BEGIN SOURCE MATERIAL

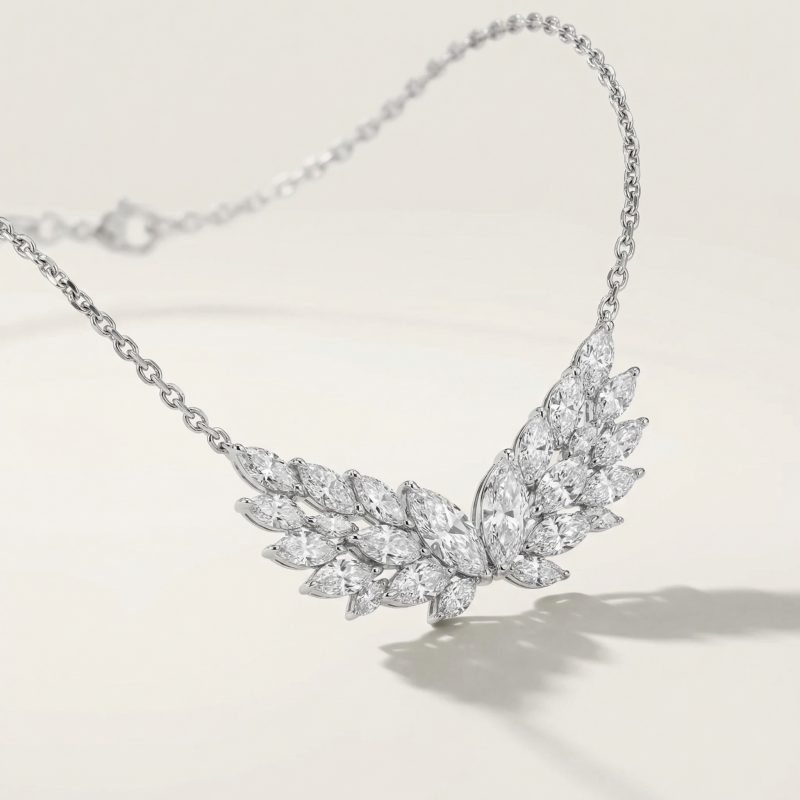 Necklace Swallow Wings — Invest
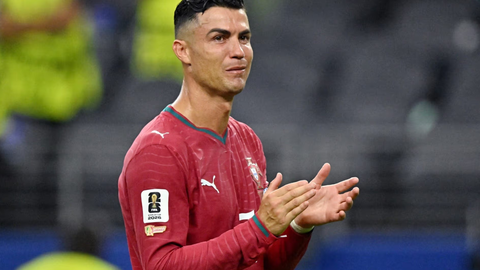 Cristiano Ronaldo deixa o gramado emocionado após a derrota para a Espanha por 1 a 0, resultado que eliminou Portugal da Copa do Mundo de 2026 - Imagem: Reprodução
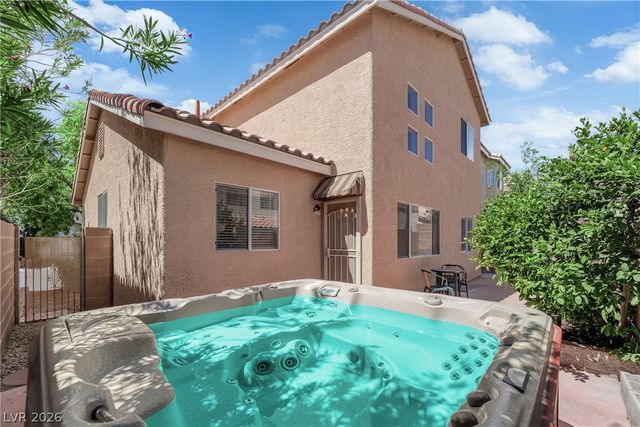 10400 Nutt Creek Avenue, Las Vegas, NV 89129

END SOURCE MATERIAL
BEGIN SOURCE MATERIAL

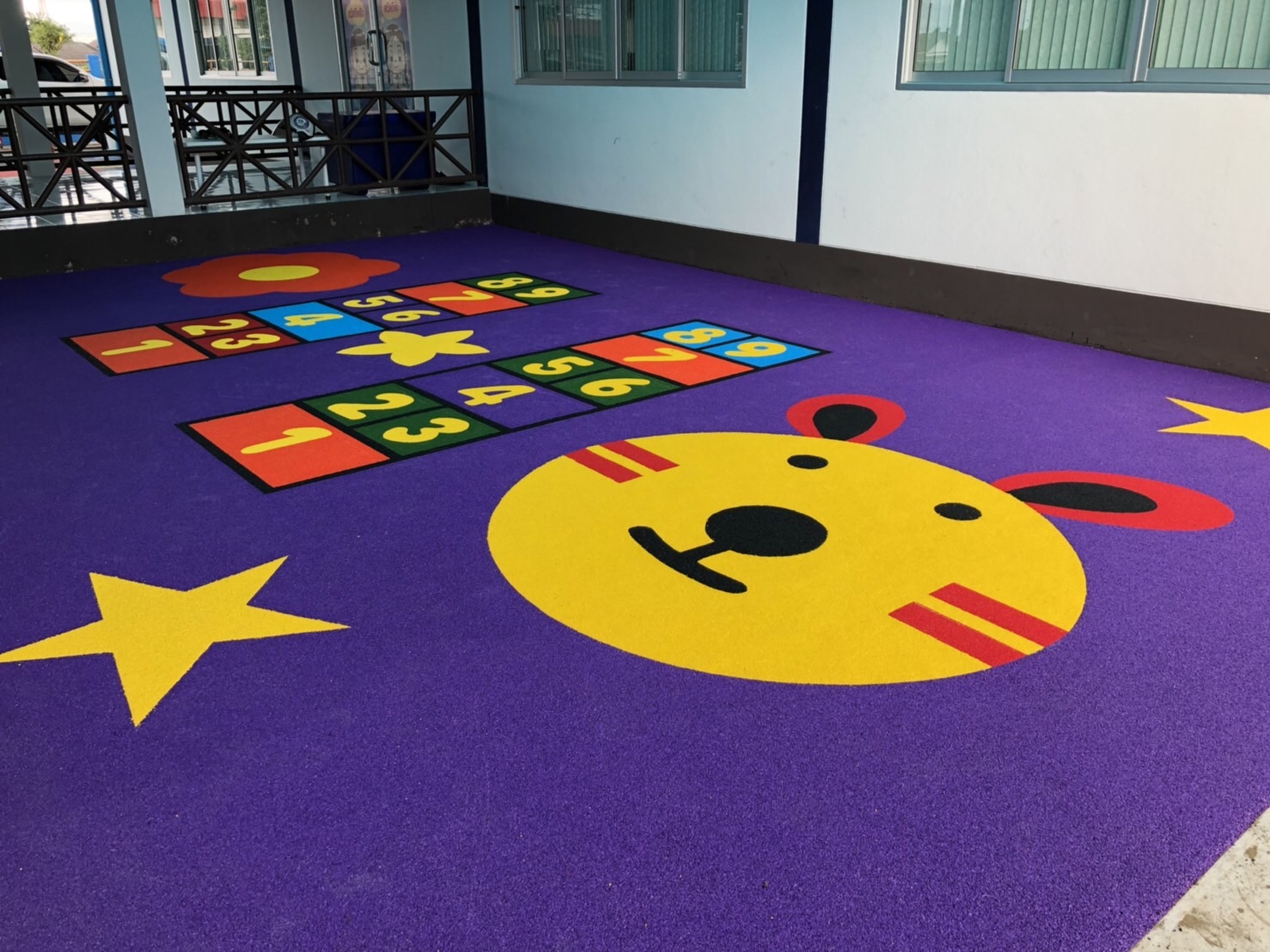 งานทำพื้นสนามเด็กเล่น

END SOURCE MATERIAL

ASSIGNED TASK>
Copy out exactly the lines above beginning with the line that contains "Cristiano Ronaldo deixa" and finishing with the line that contains "10400 Nutt Creek Avenue, Las Vegas, NV 89129", including both; leave the pictures out.

PROBLEM SOLUTION>
 Cristiano Ronaldo deixa o gramado emocionado após a derrota para a Espanha por 1 a 0, resultado que eliminou Portugal da Copa do Mundo de 2026 - Imagem: Reprodução
 10400 Nutt Creek Avenue, Las Vegas, NV 89129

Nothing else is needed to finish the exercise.